As someone reminded me this past week, we're not promised tomorrow. Don't take today for granted.
Today I am remembering my beautiful white cat, Snowflake.
I am smitten by my new kitten, now a year old, but I still miss my white fur-babies very much.
Today I'm also thinking ahead, knowing that only two short months remain until my son's graduation. Two. Short. Months. I still can hardly believe it. This is one school year I do NOT want the next two months to fly by. God gave me four years to mold him, to love him, to encourage him, to guide him, and to parent him. They've seemed like forever at times, while other moments it still feels like he just got here. It's definitely an entirely different world parenting him as opposed to parenting David. His high school graduation doesn't mean all that molding, loving, encouraging, guiding, and parenting will stop. It will just change.

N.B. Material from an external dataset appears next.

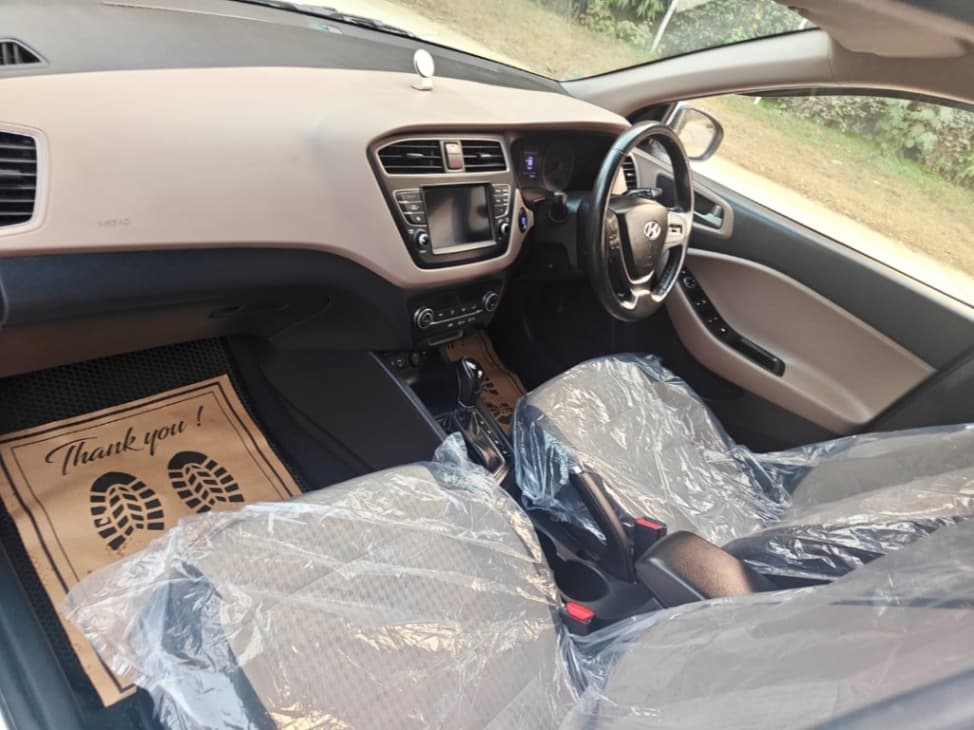 INTERIOR image for I20 | Hooter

The other day we were talking about college and the future, and he said, "Well, after I graduate (college) and get my own place, then it will go back to being the way it always was. Just me. But at least now I know I have a family I can always go to when I need help."
That's right, son. You'll never be alone again. No matter what, you'll always have a family behind you now.
He gets it. Four years doesn't seem like much, but these four years changed everything for that boy.
As challenging as it's been to raise a child from the age of 15 and on, when I take the time to reflect on how far he's come (how far we've all come), I know I don't want to take a single day for granted. While we keep moving forward, sometimes it's so helpful to keep looking back. Reflection is good for the soul.